For instance once a year the National Gallery in Washington “completes an intensive maintenance treatment that preserves the artist's vision and protects the sculpture from the detrimental effects of an outdoor environment “ by rewaxing its Moore sculpture. You can read a description for cleaning and removing the protective layer (“In order to treat every inch of the sculpture, at least six people must work a minimum of three days”) from the National Gallery’s Moore sculpture Knife Edge Mirror Two Piece here, and details on the rewaxing of the J Paul Getty Museum’s version of Bronze Form here.

It appears that to these institutions and their experts that patina is not something that arbitrarily builds up over time, but rather the term used to describe the finish established by the artist when a sculpture is first completed. This patina is then protected from the elements and corrosion.

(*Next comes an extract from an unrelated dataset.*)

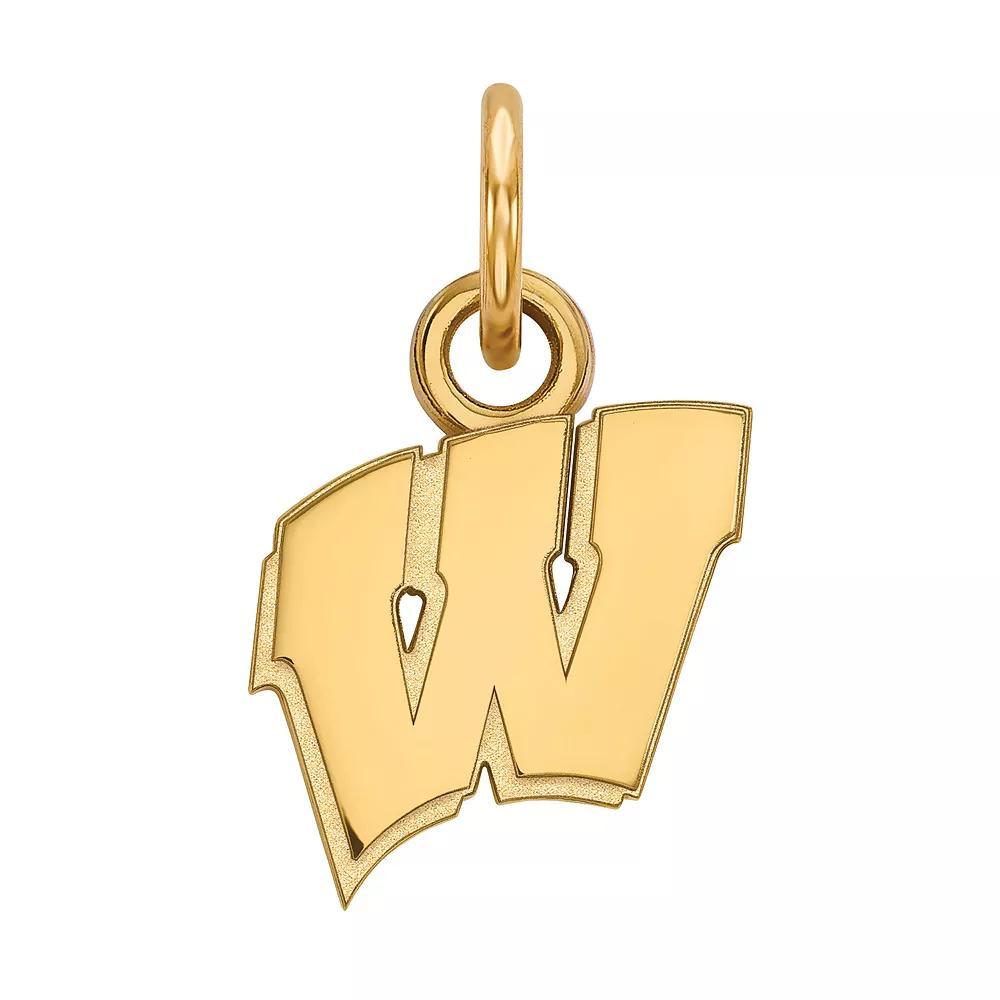 LogoArt 14k Gold over Sterling Silver Wisconsin Badgers Pendant, Women's, Size: 15 mm, 14k Gold Plated Product Image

Henry Moore himself was famously hazy on the effects of weather on bronze and his lasses-faire approach was debated at length at the 1995 London conservation conference From Marble to Chocolate: The Conservation of Modern Sculpture and his opinions on the effects of weather on bronze have become an historical footnote in the light of contemporary conservation practice. Like other Henry Moore's the world over, Wellington’s Bronze Form was waxed by an institutional conservator and is probably long overdue for a clean and a new coating.

Bronze Form is a bit of an oddity. Made in the last couple of years of Moore’s life, it is one of three elements that initially made up the monumental sculpture Large Figure in a Shelter. Moore never saw the work cast or the patina selected by his one-time studio assistant (1936-39), sculptor Bernard Meadows (himself 70 at the time), who oversaw the work’s production. There are two copies of the complete sculpture – one at the Henry Moore Foundation and another at the Peace Park in Guernica – plus three other stand-alone forms including the one we have already mentioned at the Getty in Los Angeles.
Image: Left Wellington’s Bronze form waits its turn. Top right, Getty Museum conservators clean Henry Moore’s Bronze Form cotton bud style while below conservators give the Washington Moore its annual rewaxing.